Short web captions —
+ + + + +
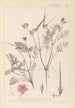 Herbier de la flore française Pl0088 - Louis Antoine Cusin — Ansicht des Kunstwerks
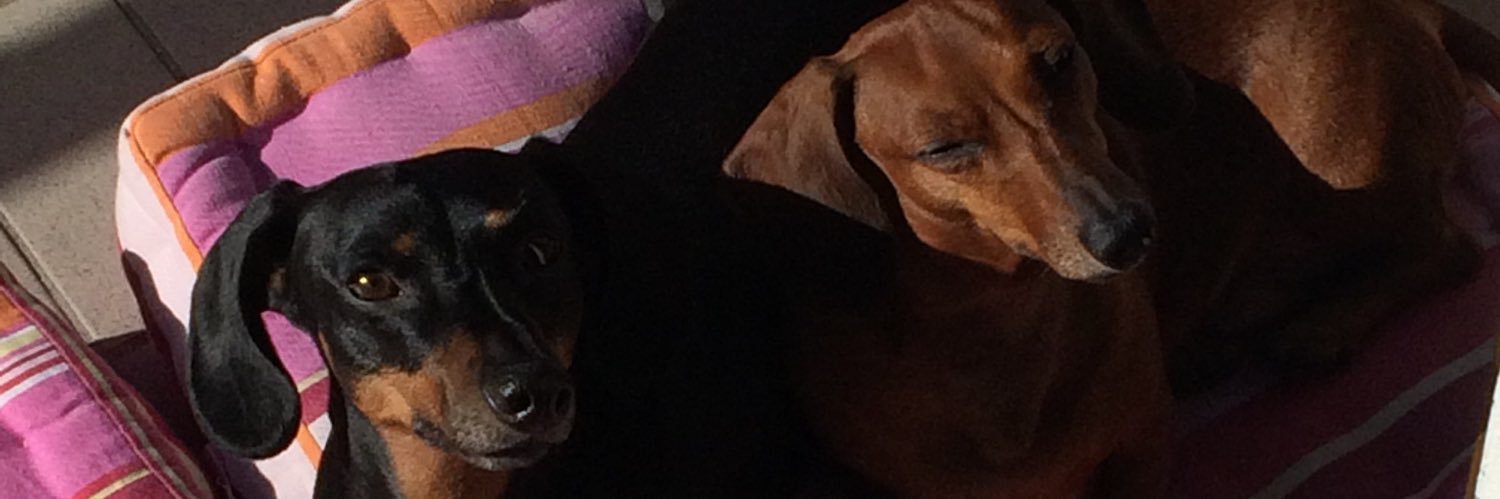 alessandro torelli banner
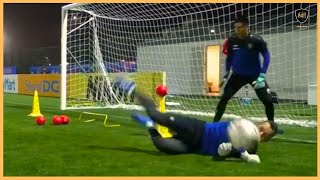 Professional Goalkeeper Training [upl. by Stutzman]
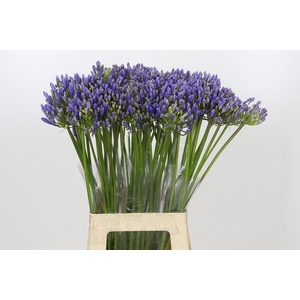Agapanthus EYFORI Blue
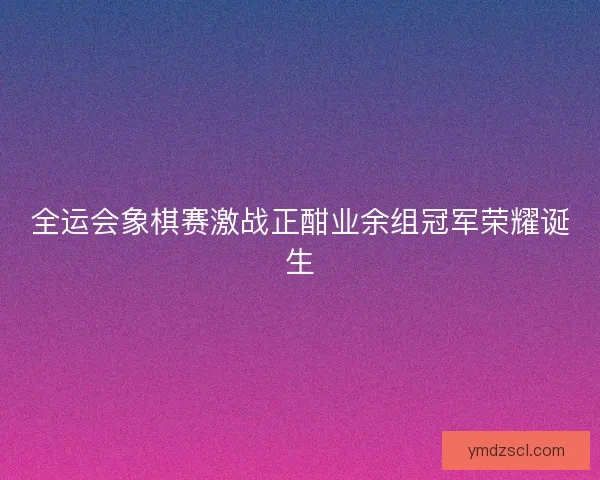全运会象棋赛激战正酣业余组冠军荣耀诞生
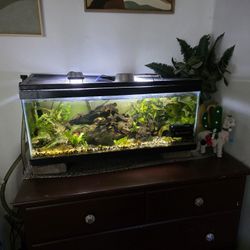 Tanks with fish/lights/one filter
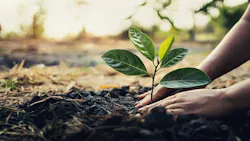 69f0c6e3ff976c7c7b4dbfb3 Firstenergy Pennsylvania Giving Away Trees 69f0c6e3ff976c7c7b4dbfb3 Firstenergy Pennsylvania Giving Away Trees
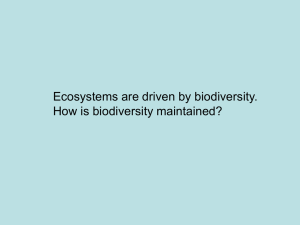 Ecosystems are driven by biodiversity. How is biodiversity maintained?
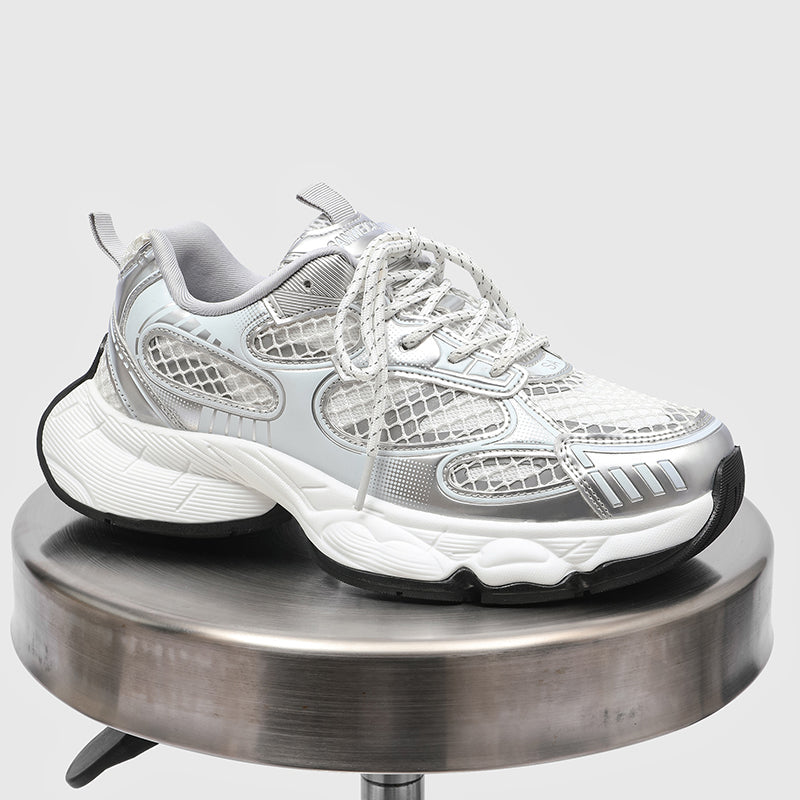 S8501 Silver Shoes Niepce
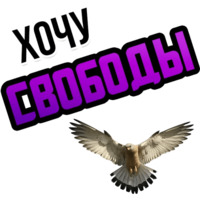 Хочу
+ + + + +
Aim of the exercise — Repeat all of the entries above exactly. Keep pictures out of it.

Finished exercise —
 Herbier de la flore française Pl0088 - Louis Antoine Cusin — Ansicht des Kunstwerks
 alessandro torelli banner
 Professional Goalkeeper Training [upl. by Stutzman]
Agapanthus EYFORI Blue
全运会象棋赛激战正酣业余组冠军荣耀诞生
 Tanks with fish/lights/one filter
 69f0c6e3ff976c7c7b4dbfb3 Firstenergy Pennsylvania Giving Away Trees 69f0c6e3ff976c7c7b4dbfb3 Firstenergy Pennsylvania Giving Away Trees
 Ecosystems are driven by biodiversity. How is biodiversity maintained?
 S8501 Silver Shoes Niepce
 Хочу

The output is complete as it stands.